Exactly the lines below from the line with "When you select" through the line with "In this section, 7.3, we're" must make up the answer, both ends included and pictures left out.
[Opening Dataset section]
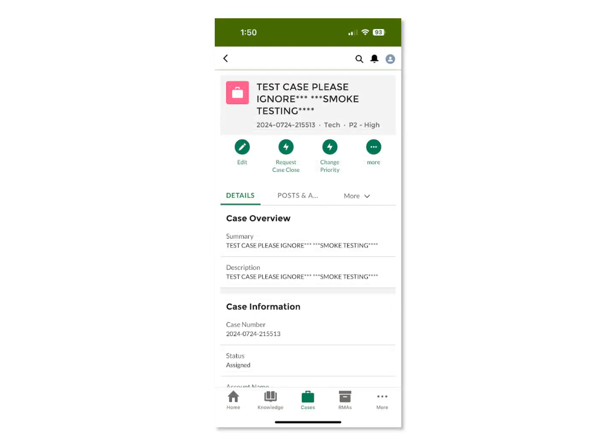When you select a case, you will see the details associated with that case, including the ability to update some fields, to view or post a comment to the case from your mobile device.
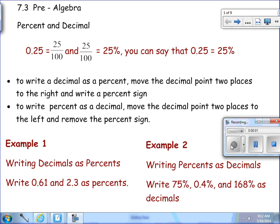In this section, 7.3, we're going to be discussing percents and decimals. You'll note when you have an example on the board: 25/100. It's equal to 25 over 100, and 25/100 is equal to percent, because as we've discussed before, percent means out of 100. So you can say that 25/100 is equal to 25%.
[Closing Dataset section]
[Opening Dataset section]
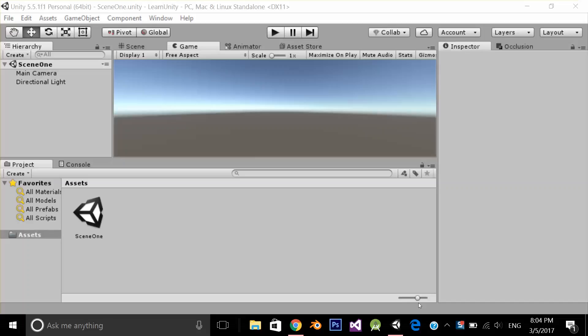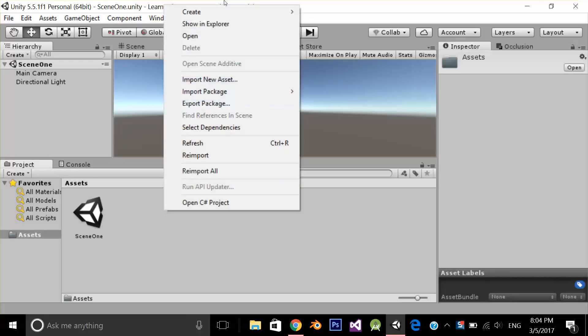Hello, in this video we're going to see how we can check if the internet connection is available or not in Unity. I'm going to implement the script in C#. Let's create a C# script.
[Closing Dataset section]
● Task result:
When you select a case, you will see the details associated with that case, including the ability to update some fields, to view or post a comment to the case from your mobile device.
In this section, 7.3, we're going to be discussing percents and decimals. You'll note when you have an example on the board: 25/100. It's equal to 25 over 100, and 25/100 is equal to percent, because as we've discussed before, percent means out of 100. So you can say that 25/100 is equal to 25%.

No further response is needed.